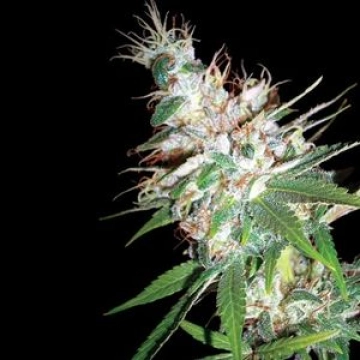 DNA Genetics LA Woman Cannabisblüte – gewachsen aus Feminisierte Hanfsamen von DNA Genetics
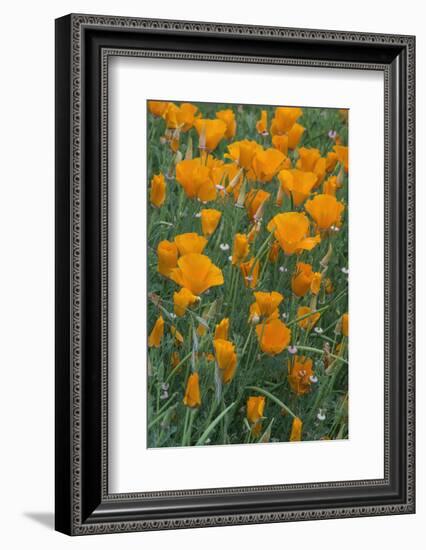 California, Santa Barbara Botanical Garden, California Poppy-Rob Tilley-Framed Photographic Print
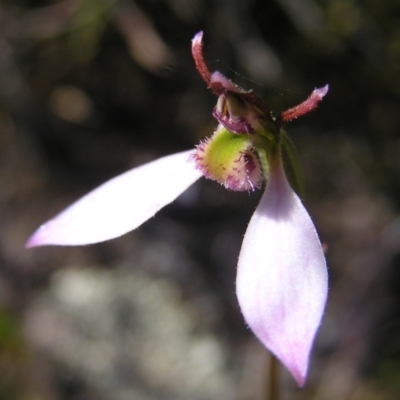 Eriochilus cucullatus (Parson's Bands) at Kambah, ACT - 20 Mar 2022 by MatthewFrawley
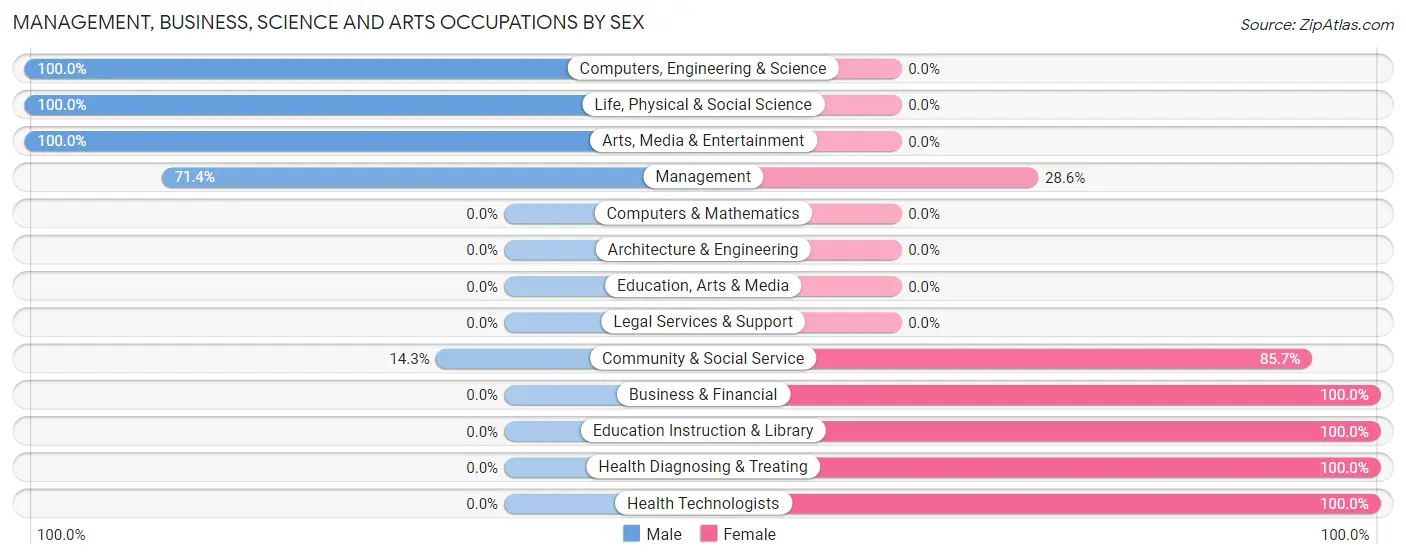 Management, Business, Science and Arts Occupations by Sex in Soldier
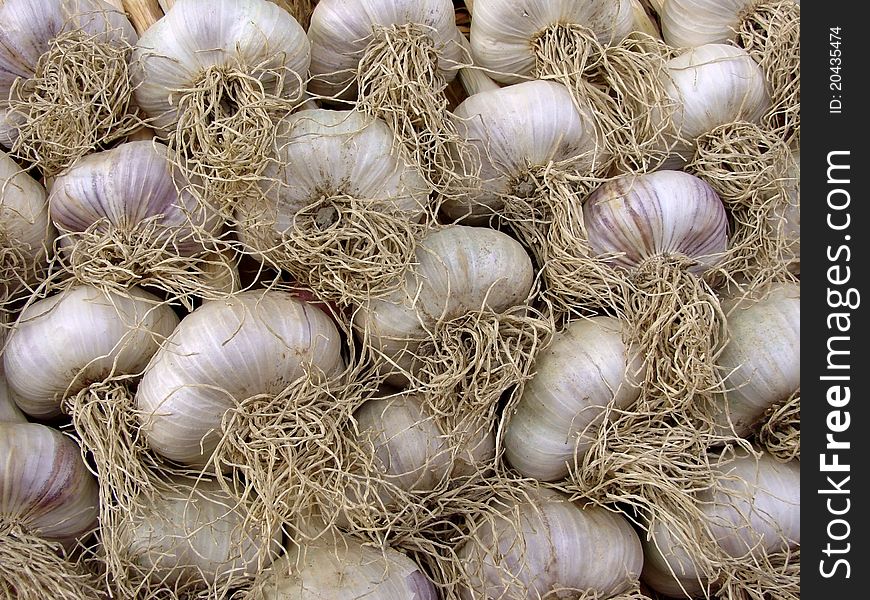 Amount of garlic bulbs lying one on another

■ YOUR GOAL: Any picture found in the records stays out, while everything else is copied exactly.

■ SOLUTION TO THE PROBLEM:
 DNA Genetics LA Woman Cannabisblüte – gewachsen aus Feminisierte Hanfsamen von DNA Genetics
 California, Santa Barbara Botanical Garden, California Poppy-Rob Tilley-Framed Photographic Print
 Eriochilus cucullatus (Parson's Bands) at Kambah, ACT - 20 Mar 2022 by MatthewFrawley
 Management, Business, Science and Arts Occupations by Sex in Soldier
 Amount of garlic bulbs lying one on another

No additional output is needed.